On 2014-07-10 00:56, Michael Mattsson wrote:
Hey,
I've got 8 identical CentOS 6.5 clients that randomly keeps hanging
fio when using --status-interval. I've tried fio 2.1.4 and fio 2.1.10
they both behave the same. I've also tried piping the output to tee
instead of redirecting to a file. I also tried --output and specified
output file, still same problem. My fio command runs through its tests
flawlessly without --status-interval and exits cleanly every time.
There could be anywhere from 0 to 5 clients that gets affected.
Running strace on the process that seem hung yields the following
output:
$ strace -p 31055
Process 31055 attached - interrupt to quit
futex(0x7f346ede802c, FUTEX_WAIT, 1, NULL
Strange, it must be stuck on the stat mutex, but I don't immediately see
why that would happen.

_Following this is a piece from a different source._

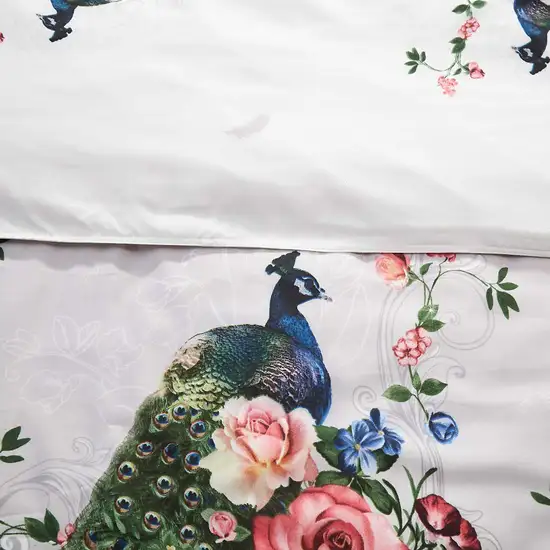 Duvet Cover Set, King Size Pictorial Bedding, Dolce Mela - Peacock DM706K Photo 2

Does the attached patch make any difference for
you, both in getting rid of the hang but still producing output at the
desired intervals?
--
Jens Axboe
diff --git a/stat.c b/stat.c
index 979c8100d378..93316a239f7b 100644
--- a/stat.c
+++ b/stat.c
@@ -1466,11 +1466,12 @@ static void *__show_running_run_stats(void fio_unused *arg)
* in the sig handler, but we should be disturbing the system less by just
* creating a thread to do it.
*/
-void show_running_run_stats(void)
+int show_running_run_stats(void)
{
pthread_t thread;
- fio_mutex_down(stat_mutex);
+ if (fio_mutex_down_trylock(stat_mutex))
+ return 1;
if (!pthread_create(&thread, NULL, __show_running_run_stats, NULL)) {
int err;
@@ -1479,10 +1480,11 @@ void show_running_run_stats(void)
if (err)
log_err("fio: DU thread detach failed: %s\n", strerror(err));
- return;
+ return 0;
}
fio_mutex_up(stat_mutex);
+ return 1;
}
static int status_interval_init;
@@ -1531,8 +1533,8 @@ void check_for_running_stats(void)

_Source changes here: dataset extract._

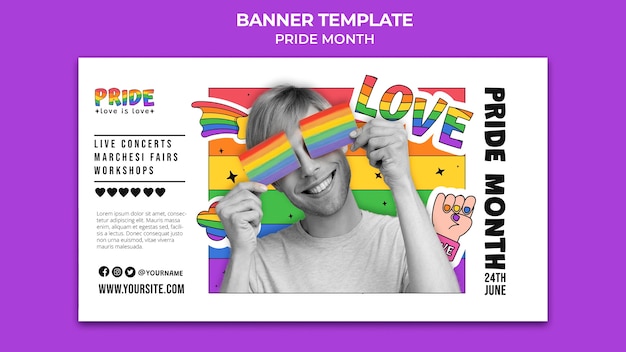 Modelo de banner horizontal do mês do orgulho com cores do arco-íris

fio_gettime(&status_time, NULL);
status_interval_init = 1;
} else if (mtime_since_now(&status_time) >= status_interval) {
- show_running_run_stats();
- fio_gettime(&status_time, NULL);
+ if (!show_running_run_stats())
+ fio_gettime(&status_time, NULL);
return;
}
}
diff --git a/stat.h b/stat.h
index 2e46175053e8..82b8e973e4be 100644
--- a/stat.h
+++ b/stat.h
@@ -218,7 +218,7 @@ extern void show_group_stats(struct group_run_stats *rs);
extern int calc_thread_status(struct jobs_eta *je, int force);
extern void display_thread_status(struct jobs_eta *je);
extern void show_run_stats(void);
-extern void show_running_run_stats(void);
+extern int show_running_run_stats(void);
extern void check_for_running_stats(void);
extern void sum_thread_stats(struct thread_stat *dst, struct thread_stat *src, int nr);
extern void sum_group_stats(struct group_run_stats *dst, struct group_run_stats *src);